◆ PROBLEM DETAILS: Return the lines of the material below exactly, beginning with the line that has "By Interhome" in it and finishing with the line that has "Altın Kaplama Üç Halka Geçişli Küpe Gold" in it. Leave all pictures aside.

......

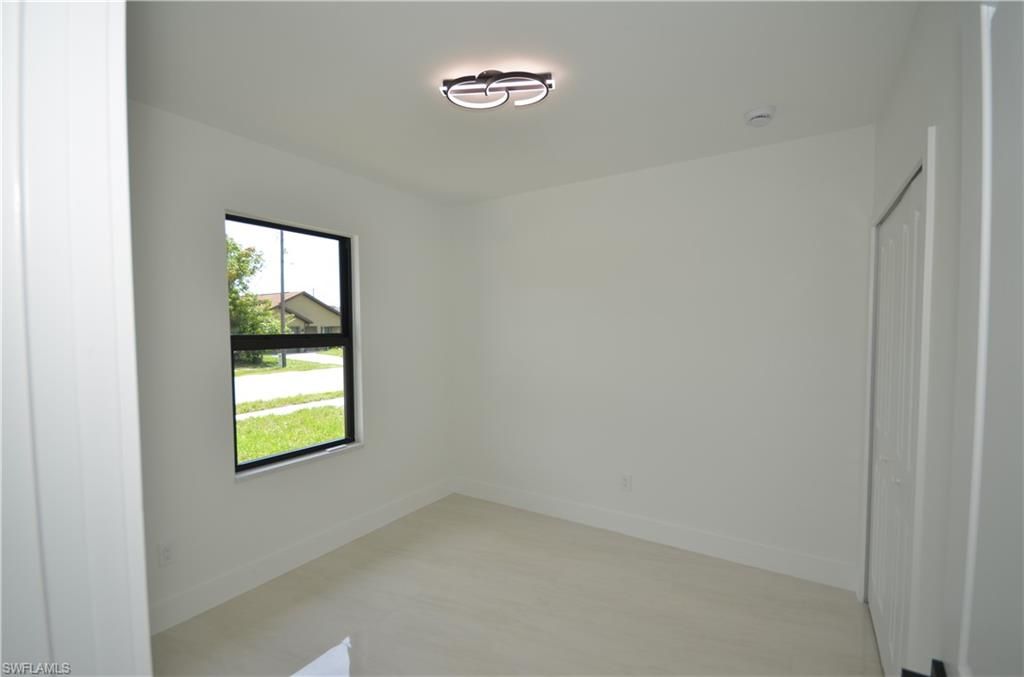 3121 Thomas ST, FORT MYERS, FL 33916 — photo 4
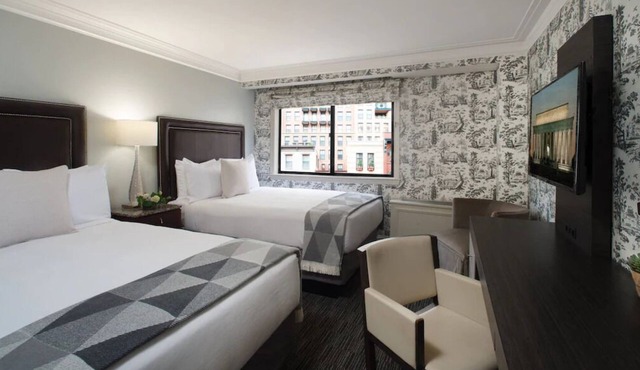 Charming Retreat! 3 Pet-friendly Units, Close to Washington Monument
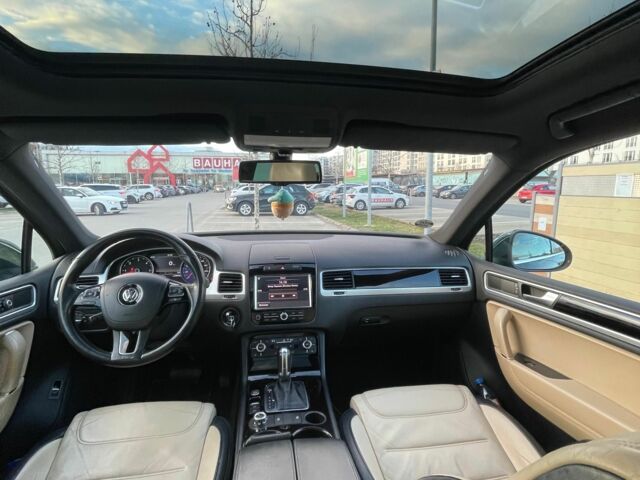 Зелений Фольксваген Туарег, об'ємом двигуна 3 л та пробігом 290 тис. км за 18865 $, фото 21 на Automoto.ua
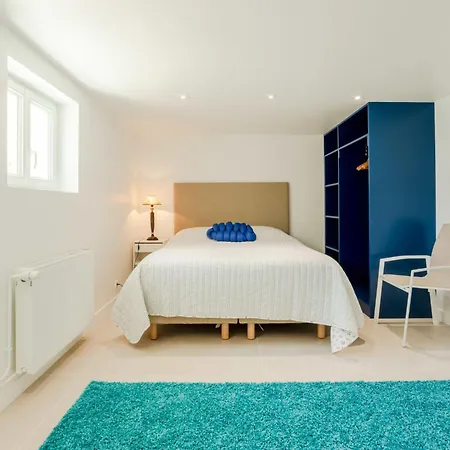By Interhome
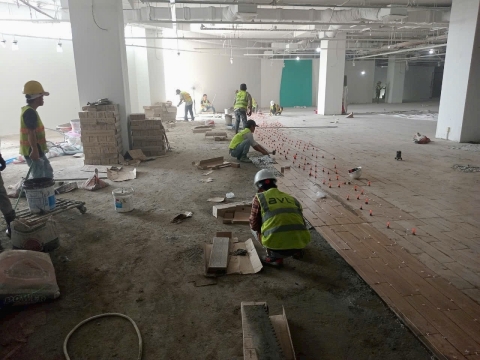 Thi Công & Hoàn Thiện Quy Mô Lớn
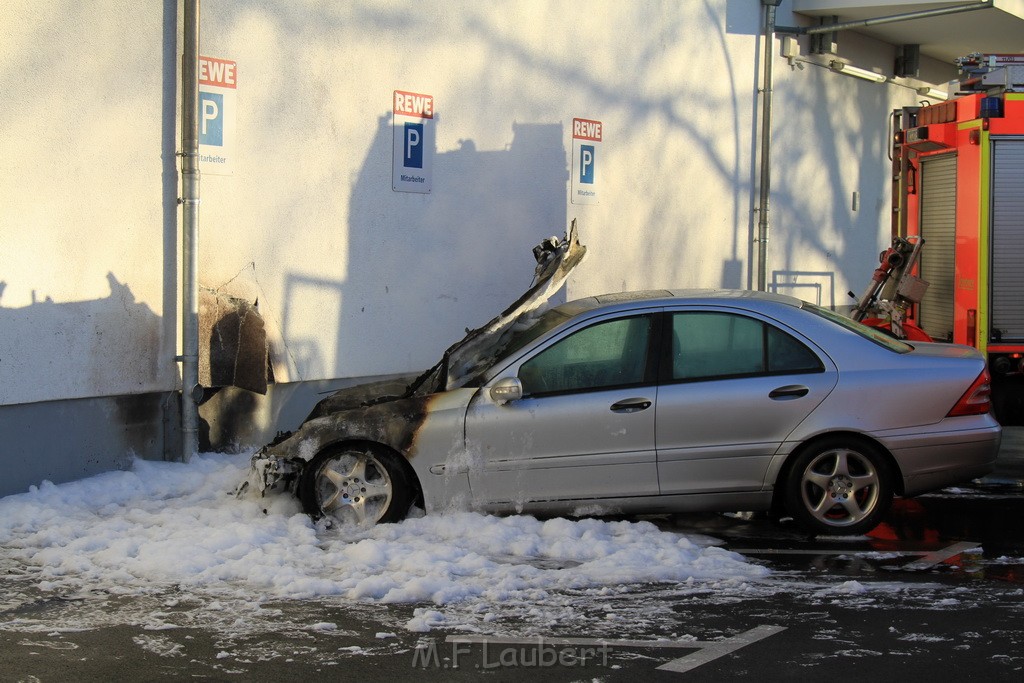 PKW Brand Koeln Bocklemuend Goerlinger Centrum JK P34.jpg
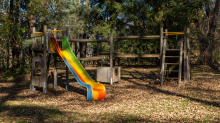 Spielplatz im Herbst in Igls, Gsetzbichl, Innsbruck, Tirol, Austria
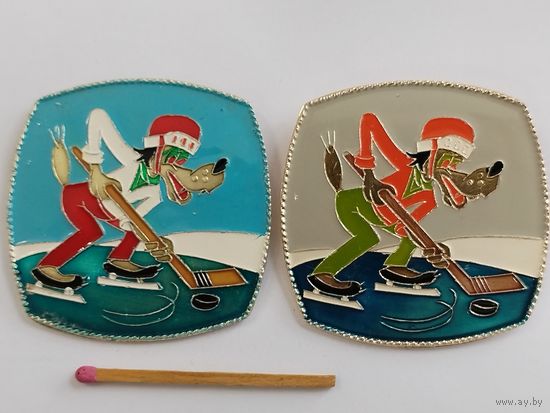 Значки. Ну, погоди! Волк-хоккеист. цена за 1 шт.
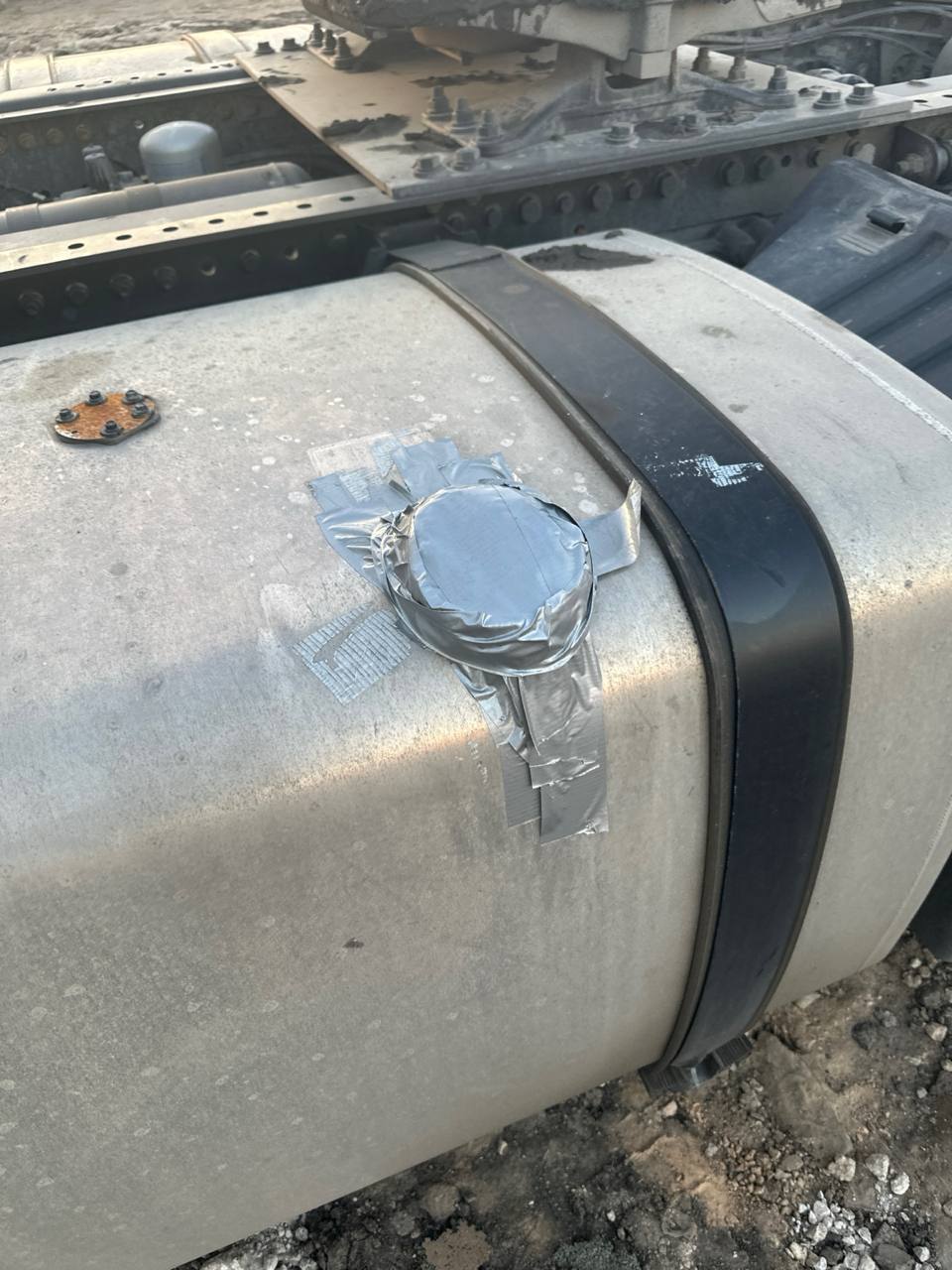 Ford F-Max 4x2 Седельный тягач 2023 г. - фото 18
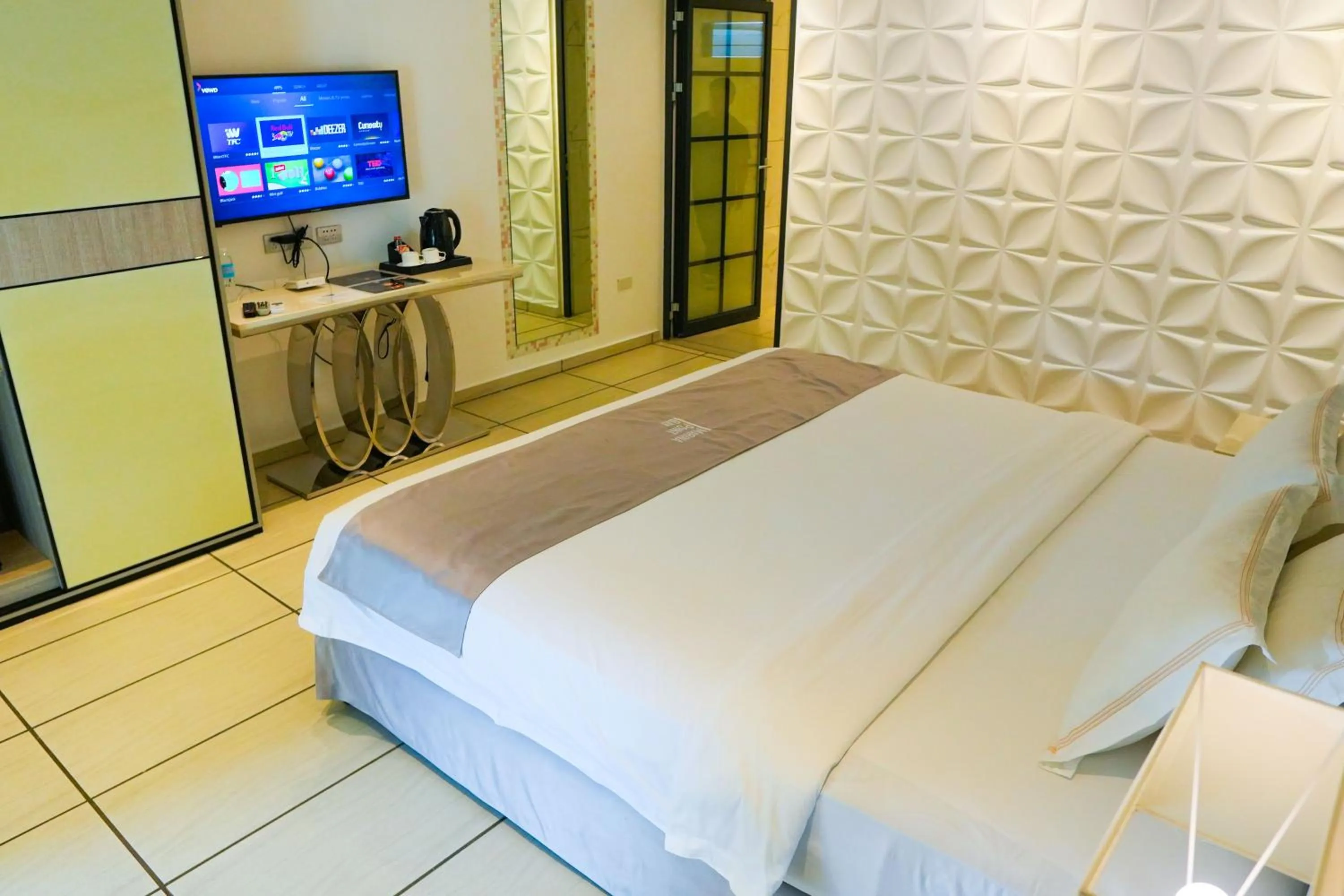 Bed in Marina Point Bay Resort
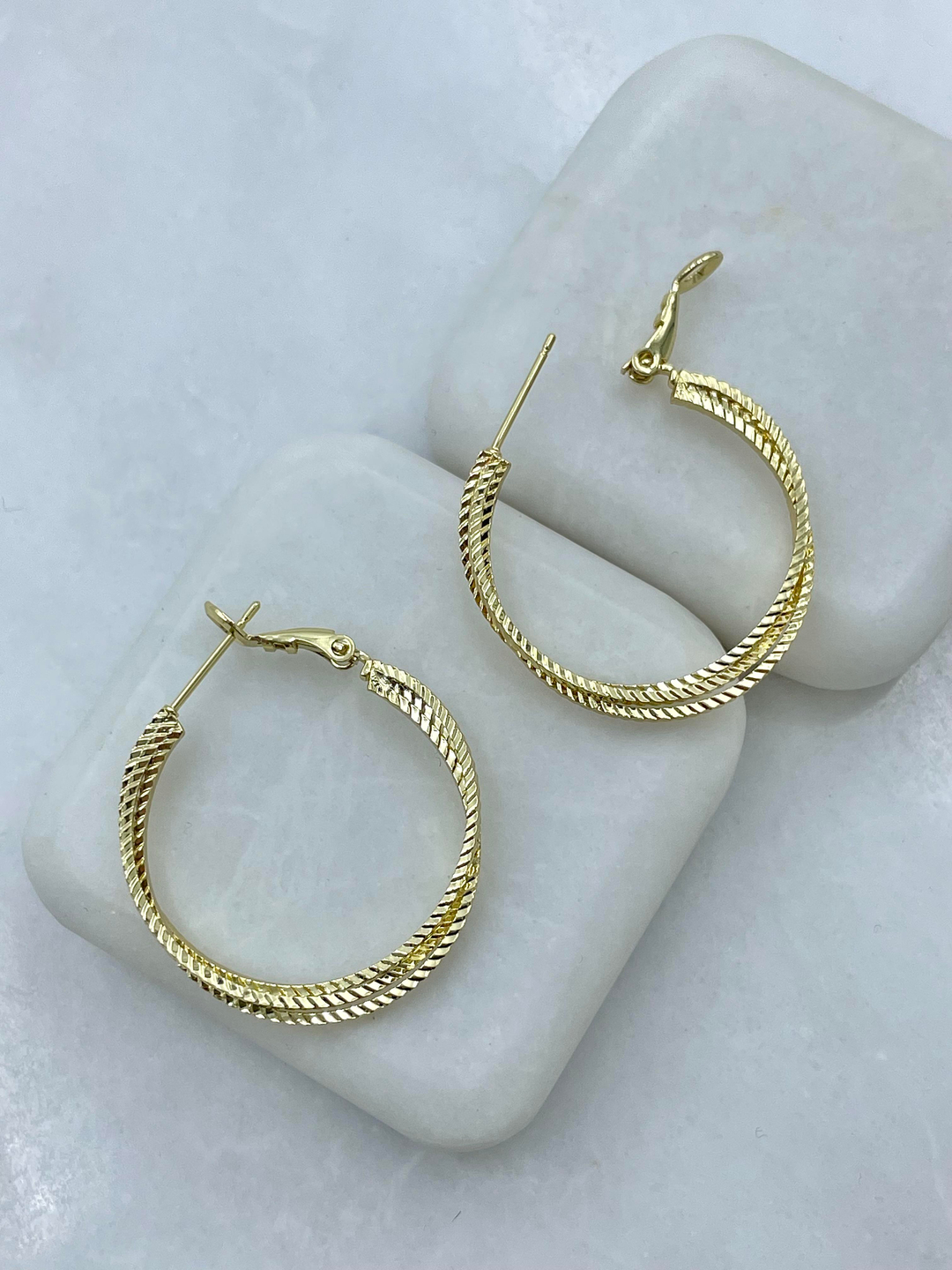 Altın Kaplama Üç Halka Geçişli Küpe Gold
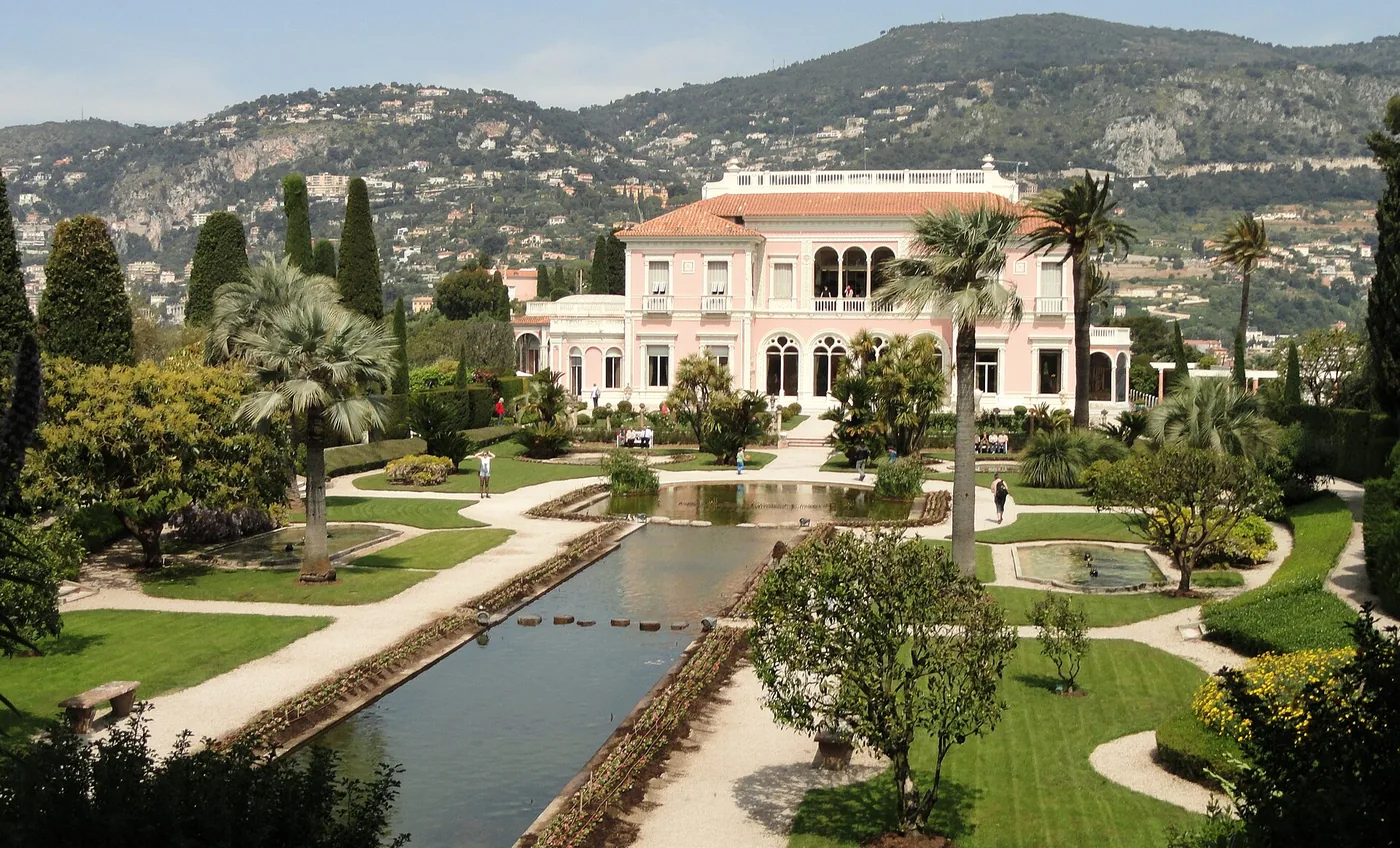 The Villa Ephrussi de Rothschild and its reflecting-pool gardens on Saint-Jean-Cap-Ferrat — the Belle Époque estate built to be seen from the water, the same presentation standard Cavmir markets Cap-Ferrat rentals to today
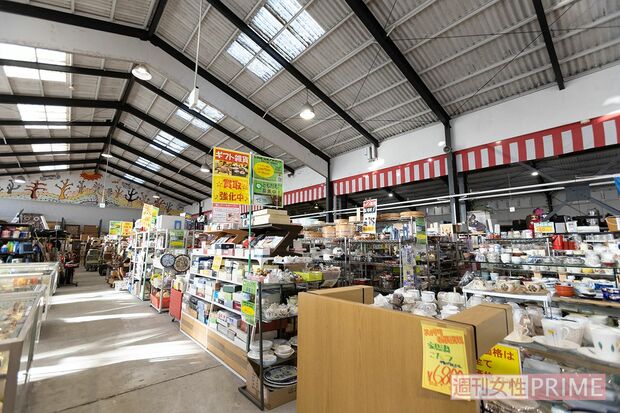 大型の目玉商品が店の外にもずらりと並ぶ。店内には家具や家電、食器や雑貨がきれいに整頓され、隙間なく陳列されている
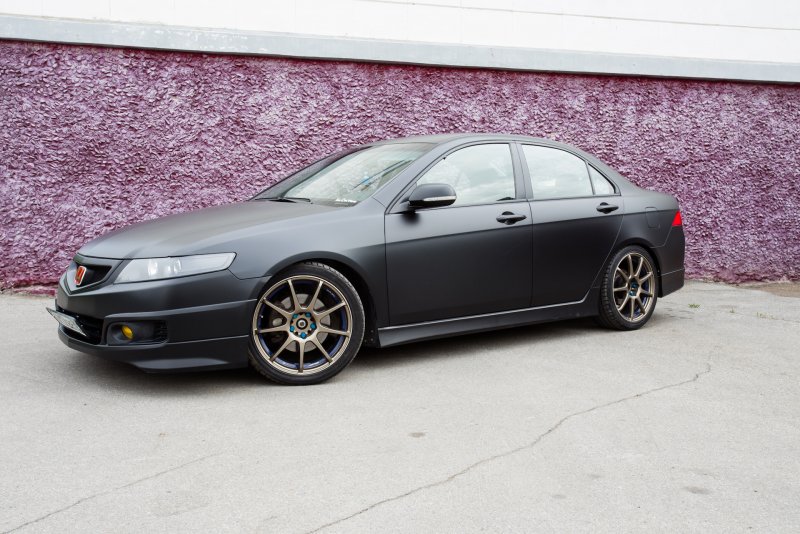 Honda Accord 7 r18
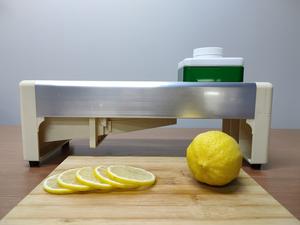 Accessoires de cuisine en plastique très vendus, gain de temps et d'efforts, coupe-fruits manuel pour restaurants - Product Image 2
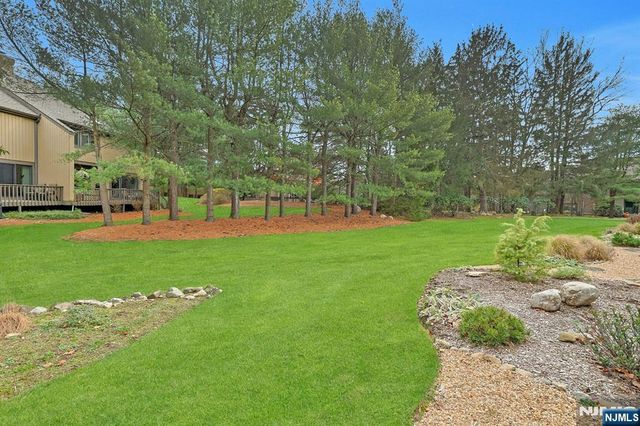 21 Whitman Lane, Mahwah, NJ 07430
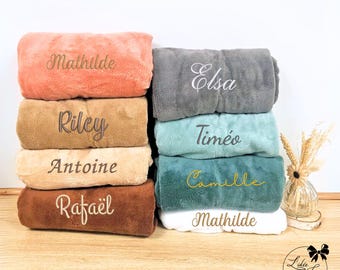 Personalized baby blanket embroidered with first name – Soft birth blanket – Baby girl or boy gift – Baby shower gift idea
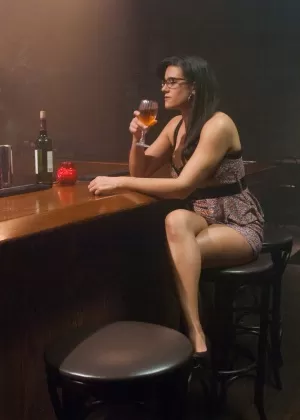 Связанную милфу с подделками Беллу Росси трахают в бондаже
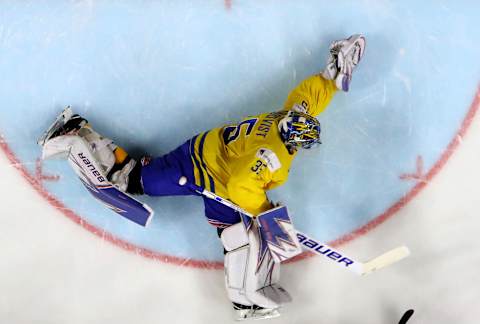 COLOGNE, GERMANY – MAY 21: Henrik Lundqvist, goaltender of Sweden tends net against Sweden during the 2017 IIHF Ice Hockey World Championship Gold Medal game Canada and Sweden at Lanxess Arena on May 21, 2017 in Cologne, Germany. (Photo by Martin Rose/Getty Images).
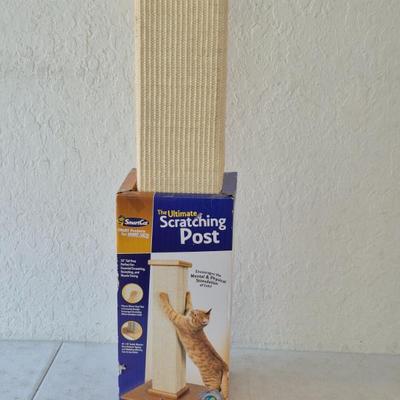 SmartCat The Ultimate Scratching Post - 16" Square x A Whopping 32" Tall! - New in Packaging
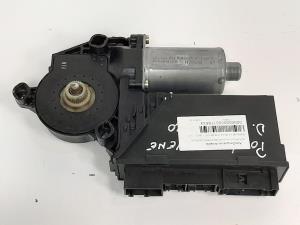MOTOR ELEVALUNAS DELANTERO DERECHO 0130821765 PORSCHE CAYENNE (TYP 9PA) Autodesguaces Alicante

......

◆ RESULT:
By Interhome
 Thi Công & Hoàn Thiện Quy Mô Lớn
 PKW Brand Koeln Bocklemuend Goerlinger Centrum JK P34.jpg
 Spielplatz im Herbst in Igls, Gsetzbichl, Innsbruck, Tirol, Austria
 Значки. Ну, погоди! Волк-хоккеист. цена за 1 шт.
 Ford F-Max 4x2 Седельный тягач 2023 г. - фото 18
 Bed in Marina Point Bay Resort
 Altın Kaplama Üç Halka Geçişli Küpe Gold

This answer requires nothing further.